BUSINESS TRAVEL, POINT-TO-POINT

If Ed Iacobucci becomes as successful at transforming business air travel as he was transforming PCs, network and server-based computing, fasten your seatbelts. Iacobucci left Fort Lauderdale-based Citrix, the successful software business he founded, in 2000. Since then, he has spent most of his time developing a radically different approach to air travel.

His solution: Eliminate the long days and overnight stays business travelers endure as they travel among secondary markets -- getting from Knoxville, Tenn., to Jackson, Miss., for example. His company, DayJet, will use six-passenger Eclipse jets to offer no-frills, on-demand travel for only 25% to 75% more than a full-fare coach ticket.

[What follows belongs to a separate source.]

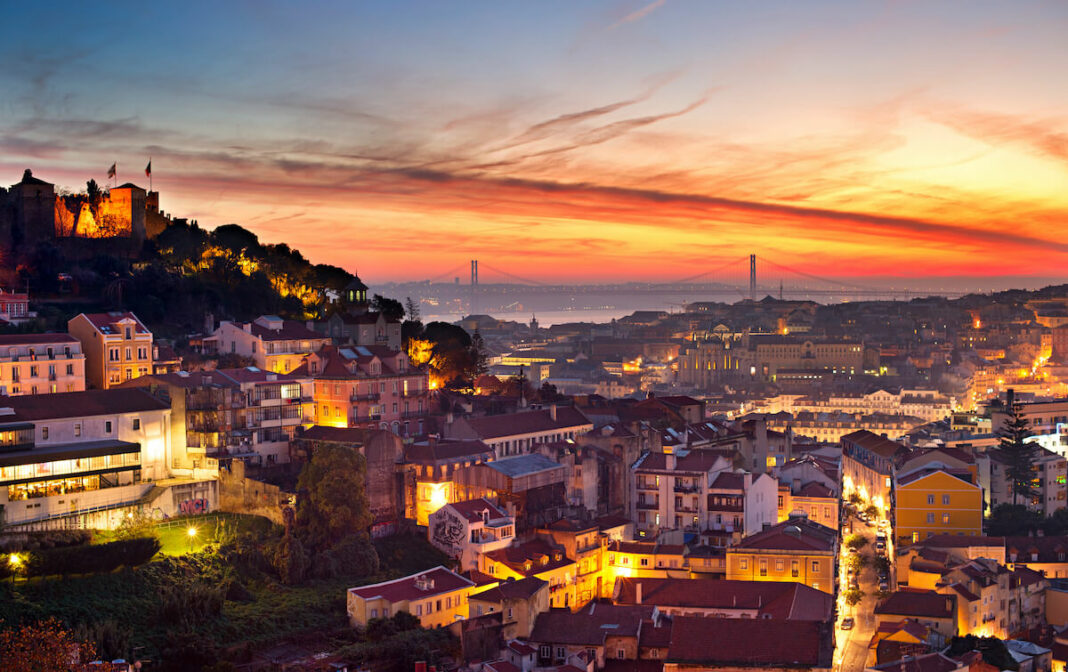 Lisboa noche ok La luz de Lisboa al atardecer y la noche es única y espectacular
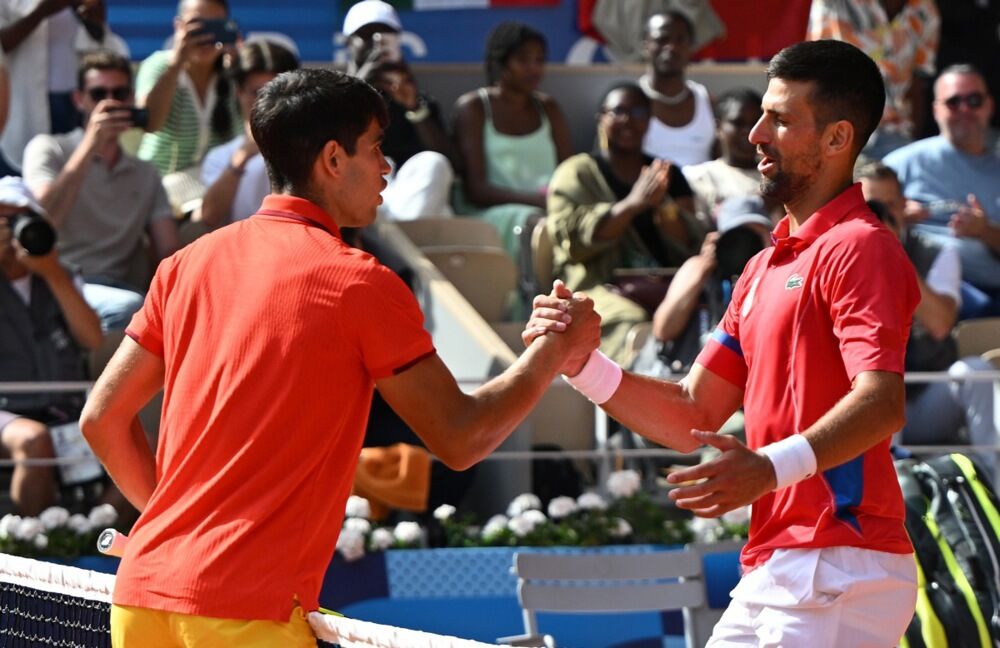 Karlos Alkaras i Novak Đoković po završetku finala Olimpijskih igara u Parizu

How? The key is Iacobucci's genius at computing, and a team of demographers, engineers, mathematicians accomplished in algorithms and heuristics, and scientist experts in complexity. They've built the technology, they say, to route the company's jets among the cities in its network with enough paying passengers to generate profits. Iacobucci plans to buy up to 309 Eclipses and begin service next year.

Revolutionizing air travel will take lots more than the $18.3 million he's raised to date. And air travel is where fortunes go to die. But Iacobucci and the high-powered board he and his wife, Nancy, have assembled are convinced it'll work. "It's based on real productivity gains for real people," Iacobucci says.